===== Data for the task

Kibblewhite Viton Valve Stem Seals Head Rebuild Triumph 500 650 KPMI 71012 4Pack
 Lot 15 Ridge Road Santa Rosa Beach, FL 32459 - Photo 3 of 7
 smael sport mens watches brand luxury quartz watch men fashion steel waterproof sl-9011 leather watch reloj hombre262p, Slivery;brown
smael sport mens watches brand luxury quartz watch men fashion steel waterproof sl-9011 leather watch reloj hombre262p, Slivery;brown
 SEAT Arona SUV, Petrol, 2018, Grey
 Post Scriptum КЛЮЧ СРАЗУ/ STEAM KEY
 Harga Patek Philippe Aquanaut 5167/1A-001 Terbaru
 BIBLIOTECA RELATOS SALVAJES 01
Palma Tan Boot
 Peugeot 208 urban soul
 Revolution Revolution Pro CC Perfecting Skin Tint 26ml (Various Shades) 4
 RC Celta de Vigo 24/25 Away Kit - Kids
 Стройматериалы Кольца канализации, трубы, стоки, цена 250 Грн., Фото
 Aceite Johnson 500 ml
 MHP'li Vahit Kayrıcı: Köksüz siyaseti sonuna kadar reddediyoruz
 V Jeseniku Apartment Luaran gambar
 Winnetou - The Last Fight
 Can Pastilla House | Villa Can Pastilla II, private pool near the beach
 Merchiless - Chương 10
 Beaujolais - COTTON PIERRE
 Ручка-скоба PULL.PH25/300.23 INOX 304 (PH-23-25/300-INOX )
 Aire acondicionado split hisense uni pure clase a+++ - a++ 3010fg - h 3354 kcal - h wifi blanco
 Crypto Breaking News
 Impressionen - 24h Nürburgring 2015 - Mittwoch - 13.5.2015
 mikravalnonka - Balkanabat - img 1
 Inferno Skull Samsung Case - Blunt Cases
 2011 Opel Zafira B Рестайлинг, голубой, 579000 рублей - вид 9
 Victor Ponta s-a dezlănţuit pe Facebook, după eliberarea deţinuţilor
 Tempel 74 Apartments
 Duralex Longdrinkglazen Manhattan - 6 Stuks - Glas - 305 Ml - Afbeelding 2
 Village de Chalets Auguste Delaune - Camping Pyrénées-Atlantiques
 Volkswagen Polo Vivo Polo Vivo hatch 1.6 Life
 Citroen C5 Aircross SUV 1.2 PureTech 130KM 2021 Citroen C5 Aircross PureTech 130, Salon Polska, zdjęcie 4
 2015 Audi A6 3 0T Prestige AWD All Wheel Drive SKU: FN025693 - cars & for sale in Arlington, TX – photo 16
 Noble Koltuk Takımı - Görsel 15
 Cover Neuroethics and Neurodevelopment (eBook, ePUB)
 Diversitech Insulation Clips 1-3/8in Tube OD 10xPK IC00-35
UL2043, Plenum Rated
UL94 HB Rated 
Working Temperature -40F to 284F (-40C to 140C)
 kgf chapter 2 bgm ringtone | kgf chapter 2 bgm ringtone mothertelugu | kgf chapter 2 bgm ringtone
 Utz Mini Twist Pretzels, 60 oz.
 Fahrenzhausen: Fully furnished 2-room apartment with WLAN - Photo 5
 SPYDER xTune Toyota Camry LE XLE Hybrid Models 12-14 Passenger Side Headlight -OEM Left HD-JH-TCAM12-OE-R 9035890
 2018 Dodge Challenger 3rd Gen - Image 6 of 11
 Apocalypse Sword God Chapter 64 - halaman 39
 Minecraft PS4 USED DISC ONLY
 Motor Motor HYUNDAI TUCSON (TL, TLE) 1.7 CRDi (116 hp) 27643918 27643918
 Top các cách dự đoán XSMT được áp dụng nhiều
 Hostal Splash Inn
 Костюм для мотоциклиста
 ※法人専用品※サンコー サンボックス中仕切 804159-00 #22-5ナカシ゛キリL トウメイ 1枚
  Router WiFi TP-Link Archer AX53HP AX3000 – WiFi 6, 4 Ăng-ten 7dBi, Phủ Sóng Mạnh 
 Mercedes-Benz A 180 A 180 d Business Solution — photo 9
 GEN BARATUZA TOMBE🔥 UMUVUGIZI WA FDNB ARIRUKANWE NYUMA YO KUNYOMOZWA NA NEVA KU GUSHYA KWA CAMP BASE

==========

* _What is expected_
Only a number is needed: how many lines of the material above contain "watches"?

* _Your solution_
2